Pansori : le mot, intraduisible, associe pan, en référence à la place des villages, et sori (bruit), désignant, de manière péjorative, la parole ou le chant de quelqu’un qui, dans la hiérarchie sociale, n’a pas droit au respect.
Le pansori naît au début du XVIIIe siècle, sinon à la fin du siècle précédent, dans les basses couches de la société – et dans la proximité des chamanes des provinces du Sud-Ouest. Cela explique sa truculence, ainsi que ses tons tour à tour moqueurs et sentimentaux. La Corée, peu avant cette époque, a connu deux invasions (japonaise en 1592, mandchoue en 1637), et sa classe dirigeante, des lettrés confucéens, conservateurs, s’efforce en vain d’éradiquer du petit peuple ses « superstitions ». Des douze pansoris répertoriés au milieu du XIXe siècle, cinq, recueillis ensuite, réécrits et embellis, se chantent encore et sont inscrits au patrimoine culturel immatériel de l’humanité par l’Unesco. L’un d’eux, Le Dit du palais sous les mers, met en scène des animaux.
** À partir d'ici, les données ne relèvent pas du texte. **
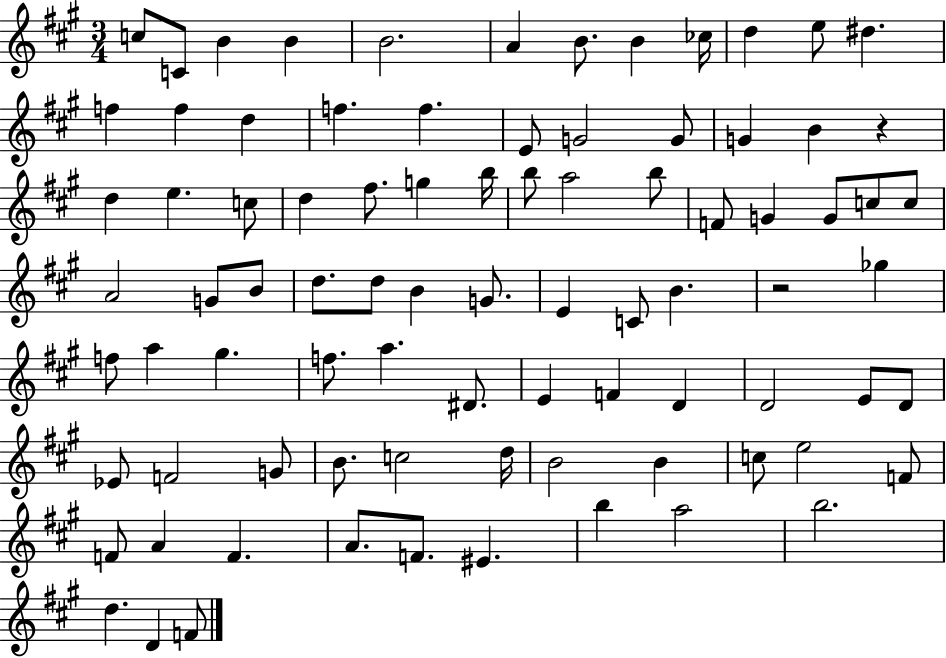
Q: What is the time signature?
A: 3/4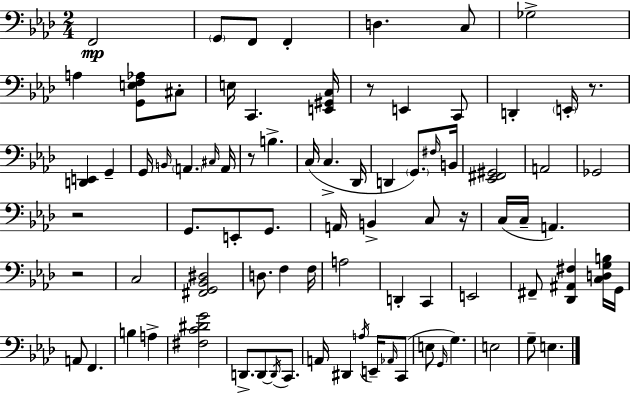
X:1
T:Untitled
M:2/4
L:1/4
K:Ab
F,,2 G,,/2 F,,/2 F,, D, C,/2 _G,2 A, [G,,E,F,_A,]/2 ^C,/2 E,/4 C,, [E,,^G,,C,]/4 z/2 E,, C,,/2 D,, E,,/4 z/2 [D,,E,,] G,, G,,/4 B,,/4 A,, ^C,/4 A,,/4 z/2 B, C,/4 C, _D,,/4 D,, G,,/2 ^F,/4 B,,/4 [_E,,^F,,^G,,]2 A,,2 _G,,2 z2 G,,/2 E,,/2 G,,/2 A,,/4 B,, C,/2 z/4 C,/4 C,/4 A,, z2 C,2 [^F,,G,,_B,,^D,]2 D,/2 F, F,/4 A,2 D,, C,, E,,2 ^F,,/2 [_D,,^A,,^F,] [C,D,G,B,]/4 G,,/4 A,,/2 F,, B, A, [^F,C^DG]2 D,,/2 D,,/2 D,,/4 C,,/2 A,,/4 ^D,, A,/4 E,,/4 _A,,/4 C,,/2 E,/2 G,,/4 G, E,2 G,/2 E,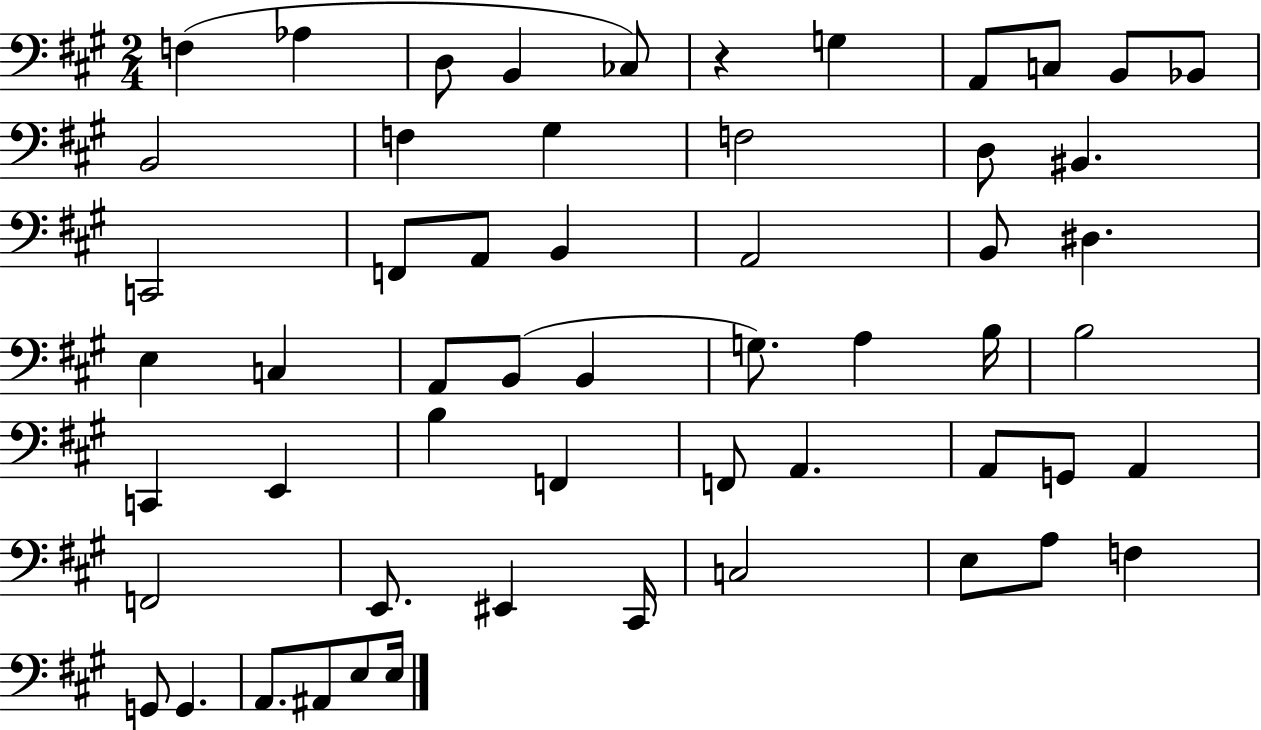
F3/q Ab3/q D3/e B2/q CES3/e R/q G3/q A2/e C3/e B2/e Bb2/e B2/h F3/q G#3/q F3/h D3/e BIS2/q. C2/h F2/e A2/e B2/q A2/h B2/e D#3/q. E3/q C3/q A2/e B2/e B2/q G3/e. A3/q B3/s B3/h C2/q E2/q B3/q F2/q F2/e A2/q. A2/e G2/e A2/q F2/h E2/e. EIS2/q C#2/s C3/h E3/e A3/e F3/q G2/e G2/q. A2/e. A#2/e E3/e E3/s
La satire sociale s’y laisse deviner : un Roi-Dragon, malade d’avoir trop bu et, pour guérir, est prêt à imposer à ses subordonnés n’importe quel sacrifice ; une Tortue, fonctionnaire loyal et dévoué ; un Lapin, qui ne survit qu’à travers les failles du système.
De ce pansori, Ahn Sook-sun, née à Namwon, dans la province du Jeolla du Nord, formée auprès des plus grands maîtres, et considérée comme l’une des interprètes exceptionnelles du genre, donne ici une version rare, à deux chanteurs (ipchechang), tantôt solistes, tantôt en duo, renforçant l’intensité du chant et la dimension ludique du récit ; ils sont accompagnés par le gosu, joueur de soribuk, tambour barrique réservé au pansori.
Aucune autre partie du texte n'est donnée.